So when it comes to CI, there are two/three use cases that need to be considered.

1. Testing a changes to D or libphobos prior to committing to gcc mainline/branch.

2. Testing the mainline (master) branch, either periodically, every commit, or after a specific commit (such as the daily bump).

3. Testing the release branches of gcc (releases/gcc-9, releases/gcc-10, ...).

I am least bothered by having [1] covered.  I have enough faith that people who send patches have at least done some level of due diligence of testing their changes prior to submitting.  So I think the focus should only be on the frequent testing of mainline, and infrequent testing of release branches.

If Cirrus has built-in periodic scheduling (without the need for config files, or hooks added to the git repository), and you can point it to GCC's git (or the GitHub git-mirror/gcc) then that could be fine.  CI scripts still need to live in a separate repository pulled in with the build.

Iain.
September 07, 2020
On Sunday, 6 September 2020 at 21:52:04 UTC, wjoe wrote:
> On Saturday, 5 September 2020 at 21:14:28 UTC, Iain Buclaw wrote:
>> On Saturday, 5 September 2020 at 11:23:09 UTC, wjoe wrote:
>>> On Saturday, 5 September 2020 at 10:25:28 UTC, Johannes Pfau wrote:
>>>> [...]
>>>
>>> Please forgive my confusion.
>>>
>>> There are 2 repositories, upstream GCC and GitHub/D-Programming-GDC/gcc.
>>> The former isn't hosted on GitHub but on gnu.org.
>>> The latter is necessary for CI, because reasons, and is a mirror of the upstream git repository.
>>> Development is done in the upstream repository.
>>> Because of that we can't put our CI configs into the project root.
>>> Thus the GitHub mirror is required for those CI providers that don't support a custom configuration location.
>>> But it could be done with the upstream repo otherwise, unless the CI service only works with projects hosted on GitHub - Cirrus CI for instance.
>>>
>>> Is that correct ?
>>>
>>
>> That sounds about right.
>>
>> The only way you'd be able to test the upstream GCC repository directly is by doing periodic builds, rather than builds based off triggers.  The CI logic would have to live in a separate repository.  For convenience, this would be on GitHub.
>
> Periodic builds sound like what Cirrus CI calls cron builds.
> But if the repository needs to be forked for CI it's kind of periodic as well if the commits are only merged in periodically.
>
> Currently I'm looking into building a docker container which can run a GDC build.
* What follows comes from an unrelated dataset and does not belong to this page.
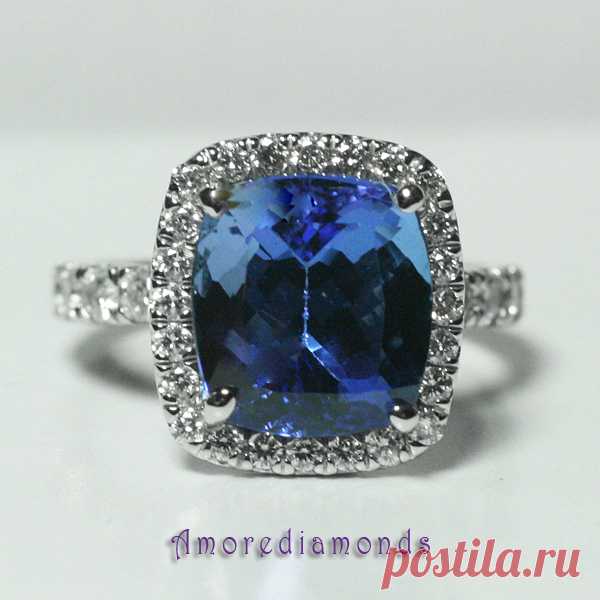 Купить 5.9 ct natural deep cushion tanzanite diamond engagement на eBay.com из Америки с доставкой в Россию, Украину, Казахстан
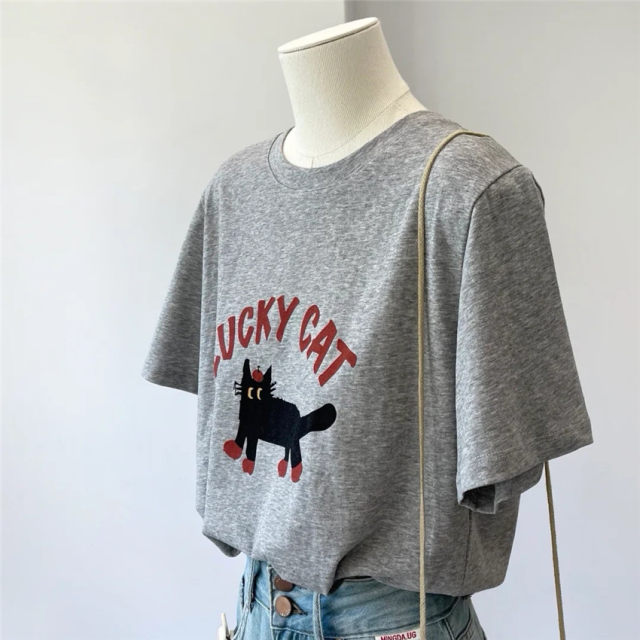 Lucky cats~Love this lump grey! Korean round neck cartoon short-sleeved T-shirt top 24 summer clothing for women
Because Cirrus CI supports Dockerfile/s directly and every other CI seems to run its tasks/jobs inside of a docker container this seems like a viable approach and can be extended with the ARM targets mentioned in your item number 3.

In case it saves some work...

Baseline dependencies for Debian/Ubuntu are:

autogen autoconf automake bison dejagnu flex libcurl4-gnutls-dev libgmp-dev libisl-dev libmpc-dev libmpfr-dev make patch tzdata xz-utils binutils libc6-dev gcc g++

Baseline dependencies for Alpine are:

autoconf automake bison curl-dev dejagnu flex gmp-dev isl-dev make mpc1-dev mpfr-dev patch tzdata xz binutils musl-dev gcc g++

Iain.
September 07, 2020
On Monday, 7 September 2020 at 09:14:08 UTC, Iain Buclaw wrote:
> On Saturday, 5 September 2020 at 21:14:28 UTC, Iain Buclaw wrote:
>> On Saturday, 5 September 2020 at 11:23:09 UTC, wjoe wrote:
>>> On Saturday, 5 September 2020 at 10:25:28 UTC, Johannes Pfau wrote:
>>>>
>>>> The main difficulty in setting up CI for GDC is that we can't simply put CI configuration files in the toplevel folder, as that folder is under GCC's control. For CI which allows you to keep the configuration out of the repositories, this is not a problem. But for those requiring certain files in the top-level folder, it's more complicated.
>>>>
>>> How's upstream GCC doing CI ?
>>
>> They aren't.  Or rather, other people are building every so often, or have their own scripts that build every single commit, and then post test results on the mailing list (i.e: https://gcc.gnu.org/pipermail/gcc-testresults/2020-September/thread.html)
>
> So when it comes to CI, there are two/three use cases that need to be considered.
>
> 1. Testing a changes to D or libphobos prior to committing to gcc mainline/branch.
>
> 2. Testing the mainline (master) branch, either periodically, every commit, or after a specific commit (such as the daily bump).
>
> 3. Testing the release branches of gcc (releases/gcc-9, releases/gcc-10, ...).
>
> I am least bothered by having [1] covered.  I have enough faith that people who send patches have at least done some level of due diligence of testing their changes prior to submitting.  So I think the focus should only be on the frequent testing of mainline, and infrequent testing of release branches.
>
> If Cirrus has built-in periodic scheduling (without the need for config files, or hooks added to the git repository), and you can point it to GCC's git (or the GitHub git-mirror/gcc) then that could be fine.  CI scripts still need to live in a separate repository pulled in with the build.
>
> Iain.

Cirrus CI currently only supports GitHub projects. Therefore the Dockerfile needs to be hosted there. But nowhere it says that you can't clone any arbitrary repository via a setup script.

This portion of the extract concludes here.